Richard Attenborough made an indelibly chilling impression as Pinkie, the 17-year-old psychotic gang-leader who refuses salvation, in the 1947 movie of Graham Greene's Brighton Rock. Now, his son Michael, the artistic director of the Almeida, directs a new musical version, with a score by John Barry, lyrics by Don Black and adaptation by Giles Havergal.
It would be an understatement to say that the Pinkie we've known does not have a song in his heart. Desolation, yes; defensive contempt for the world he yearns to dominate; acute sexual revulsion and a belief in the certainty of hell - these feelings crowd his Catholic-indoctrinated soul.
But in the book and film, it would be as easy to picture Pinkie breaking into a Maori fertility dance as imagine him launching into a ditty. There are, after all, more romantic reasons for marrying a young heroine than the desire to buy her silence - wives not being required to give evidence against their husbands in murder trials.
The creators of this show try to get round that difficulty by using song as a way into Pinkie's disturbed consciousness. This works best in numbers such as "Some Things Never Leave You", in which his awkward dance with Rose, the girl who knows the falsity of his alibi, is freeze-framed while Pinkie recalls the trauma of witnessing his parents' Saturday-night sex sessions - an experience that left him frigid until the exigencies of crime force him into this relationship. Also powerful is his post-coital soul-searching, when he muses that "Skin on skin/ Breath on breath... Is like a living death".
But there are snags. One is that, while Michael Jibson gives a fair performance, he never manages to communicate Pinkie's hypnotic menace. He's blandly baby-faced, whereas Pinkie is a freakish mix of youth and precocious age. Then again, these inner-monologue songs - Sophia Ragavelas's Rose is lumbered with several - contribute to the musical's fatal lack of mesmeric momentum toward disaster.The ensemble Brighton numbers are mostly standard-issue British chirpiness. They look cramped on Lez Brotherston's composite design and fail to offset the bleakness.

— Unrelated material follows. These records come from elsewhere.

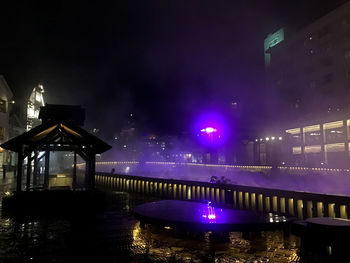 Illuminated bridge over river against sky at night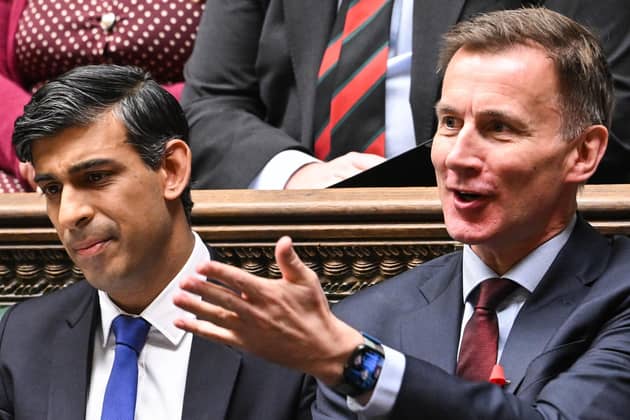 Prime Minister Rishi Sunak (L) and Britain's Chancellor of the Exchequer Jeremy Hunt (R) reacting during Prime Minister's Questions (PMQs), in the House of Commons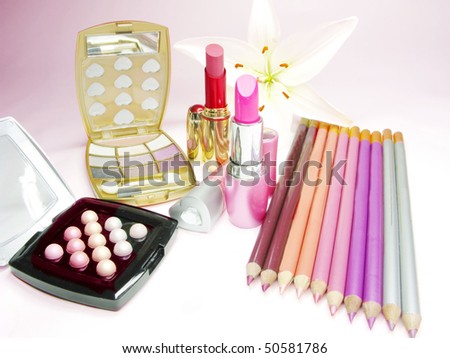 lipsticks eye shadows pencils lip gloss and lily on background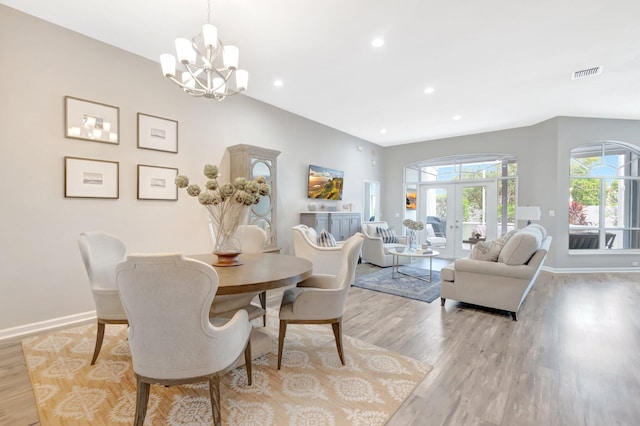 dining space with visible vents, baseboards, a notable chandelier, recessed lighting, and light wood-style flooring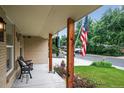 Inviting front porch with decorative columns, seating, and a view of the lush front yard at 11835 W 37Th Pl, Wheat Ridge, CO 80033
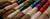 Assortment of Chinese Collectors and Home Decor Calligraphy and Sumi Brushes with colorful handles in red, blue, green and violet.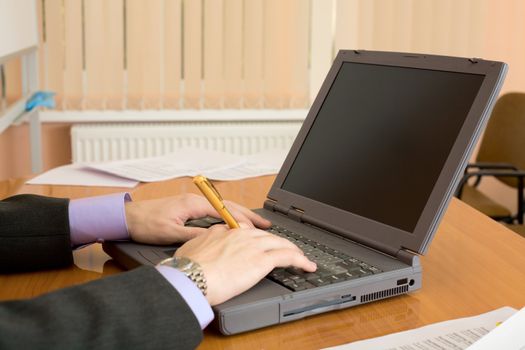 The laptop and man's hands with a pen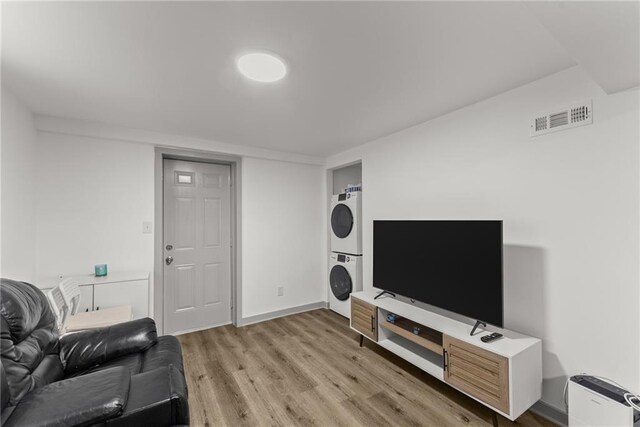 1283 Woodleigh Rd SW, Marietta, GA 30008 - living room with light hardwood / wood-style flooring and stacked washer and clothes dryer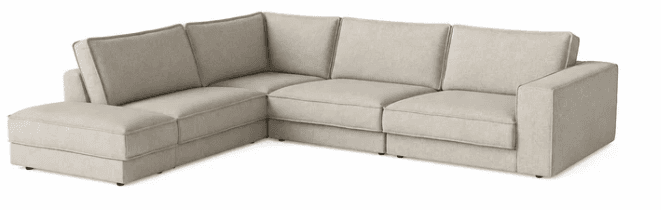A large, modular L-shaped sectional sofa upholstered in a light beige, textured fabric. It features a left-facing chaise lounge, multiple individual seat and back cushions with piped edges, and low-profile track arms, indicative of a modern design. — 3D model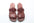 Pair of brown leather sandals on a white background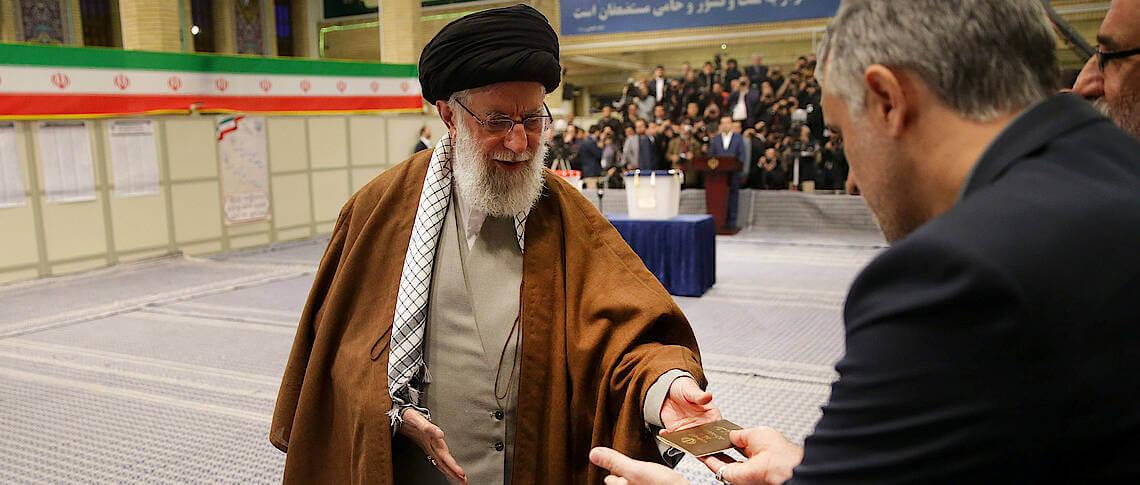 Iran's Supreme Leader Ayatollah Ali Khamenei arrives to cast his vote at a polling station during parliamentary elections in Tehran 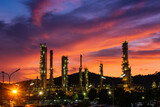 Fototapeta  - Oil​ refinery​ and​ plant and tower column of Petrochemistry industry in oil​ and​ gas​ ​industrial with​ cloud​ red​ ​sky the evening​ sunset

Harriet Thorpe is blowsily winning as Ida, the ageing belle who determines to bring Pinkie to justice, but the character is a victim of the religious snobbery in this piece. Being Catholics, Pinkie and Rose know about good and evil and are therefore superior to decent, law-abiding Ida. A brilliant but repellent novel has been turned into a dutiful but dull musical. Not worth the price of a deck chair.